/---

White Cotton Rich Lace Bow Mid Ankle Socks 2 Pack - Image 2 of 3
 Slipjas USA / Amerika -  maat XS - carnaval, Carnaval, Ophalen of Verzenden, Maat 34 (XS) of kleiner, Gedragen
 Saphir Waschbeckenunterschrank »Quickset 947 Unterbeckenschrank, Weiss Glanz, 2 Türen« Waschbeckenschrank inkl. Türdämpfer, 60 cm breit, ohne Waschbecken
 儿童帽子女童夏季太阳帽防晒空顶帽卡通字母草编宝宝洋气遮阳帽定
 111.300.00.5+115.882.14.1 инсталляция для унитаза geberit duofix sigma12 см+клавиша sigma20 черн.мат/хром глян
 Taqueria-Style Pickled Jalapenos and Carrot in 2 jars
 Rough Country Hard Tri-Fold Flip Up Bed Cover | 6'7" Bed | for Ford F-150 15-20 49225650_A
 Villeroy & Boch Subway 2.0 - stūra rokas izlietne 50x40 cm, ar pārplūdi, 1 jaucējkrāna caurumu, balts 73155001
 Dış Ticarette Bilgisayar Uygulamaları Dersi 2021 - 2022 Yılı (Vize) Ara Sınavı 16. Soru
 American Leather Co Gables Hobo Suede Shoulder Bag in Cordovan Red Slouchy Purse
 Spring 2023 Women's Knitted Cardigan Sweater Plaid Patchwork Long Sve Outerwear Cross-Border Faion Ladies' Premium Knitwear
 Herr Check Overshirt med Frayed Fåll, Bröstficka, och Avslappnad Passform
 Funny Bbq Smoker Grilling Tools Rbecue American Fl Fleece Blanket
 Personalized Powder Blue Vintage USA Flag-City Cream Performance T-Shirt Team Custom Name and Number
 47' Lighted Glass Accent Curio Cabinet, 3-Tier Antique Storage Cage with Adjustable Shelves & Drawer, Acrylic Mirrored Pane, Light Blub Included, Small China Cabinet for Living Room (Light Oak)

\---

» Task details
The reply should contain all of the entries exactly as shown above.

» Solved exercise
White Cotton Rich Lace Bow Mid Ankle Socks 2 Pack - Image 2 of 3
 Slipjas USA / Amerika -  maat XS - carnaval, Carnaval, Ophalen of Verzenden, Maat 34 (XS) of kleiner, Gedragen
 Saphir Waschbeckenunterschrank »Quickset 947 Unterbeckenschrank, Weiss Glanz, 2 Türen« Waschbeckenschrank inkl. Türdämpfer, 60 cm breit, ohne Waschbecken
 儿童帽子女童夏季太阳帽防晒空顶帽卡通字母草编宝宝洋气遮阳帽定
 111.300.00.5+115.882.14.1 инсталляция для унитаза geberit duofix sigma12 см+клавиша sigma20 черн.мат/хром глян
 Taqueria-Style Pickled Jalapenos and Carrot in 2 jars
 Rough Country Hard Tri-Fold Flip Up Bed Cover | 6'7" Bed | for Ford F-150 15-20 49225650_A
 Villeroy & Boch Subway 2.0 - stūra rokas izlietne 50x40 cm, ar pārplūdi, 1 jaucējkrāna caurumu, balts 73155001
 Dış Ticarette Bilgisayar Uygulamaları Dersi 2021 - 2022 Yılı (Vize) Ara Sınavı 16. Soru
 American Leather Co Gables Hobo Suede Shoulder Bag in Cordovan Red Slouchy Purse
 Spring 2023 Women's Knitted Cardigan Sweater Plaid Patchwork Long Sve Outerwear Cross-Border Faion Ladies' Premium Knitwear
 Herr Check Overshirt med Frayed Fåll, Bröstficka, och Avslappnad Passform
 Funny Bbq Smoker Grilling Tools Rbecue American Fl Fleece Blanket
 Personalized Powder Blue Vintage USA Flag-City Cream Performance T-Shirt Team Custom Name and Number
 47' Lighted Glass Accent Curio Cabinet, 3-Tier Antique Storage Cage with Adjustable Shelves & Drawer, Acrylic Mirrored Pane, Light Blub Included, Small China Cabinet for Living Room (Light Oak)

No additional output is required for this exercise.